To all this Christine forced herself to bear personal witness, but she closed her eyes as the sheriff himself lowered Sir Richard from the gallows; deliberately allowing a tiny ember of life to remain within his body. The two hooded men threw the blue-faced victim on to a small bench and tied him down. After his robe was cut off with a large meat cleaver, the sheriff took the cleaver and slashed downwards through the dying man’s stomach. He drew out the intestines and threw them on to a brazier. Still alive, Sir Richard, hearing and smelling the sizzling of his own innards, let out a groan like a dying ox.

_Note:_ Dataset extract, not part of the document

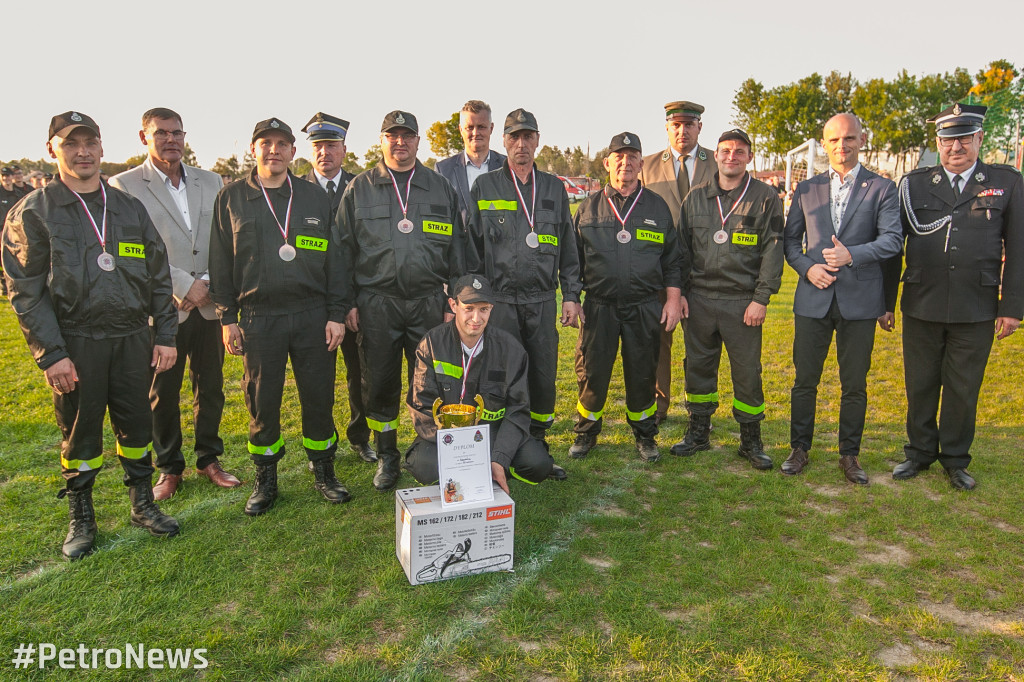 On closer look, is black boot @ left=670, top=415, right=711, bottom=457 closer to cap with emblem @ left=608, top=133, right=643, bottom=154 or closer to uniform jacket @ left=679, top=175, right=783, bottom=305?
uniform jacket @ left=679, top=175, right=783, bottom=305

The crowd did not shout for mercy, but the sheriff ordered one of the hooded men to wield the axe. After two strokes, Sir Richard’s head tumbled on to the platform. As the blood spouted from the neck, the crowd raised their voices. A peasant cried out, “Justice! Justice!”

The hooded men took turns to quarter the body with the axe as the crowd cheered at every cut. The four quarters of his body were swarmed over by the crowd. With knives they scratched on his skin, and chanted verses from the Holy Scriptures denouncing arrogance and evil. Some of the more drunken members of the mob, particularly the women, started to sing and dance again. At this the abbess led her charge away.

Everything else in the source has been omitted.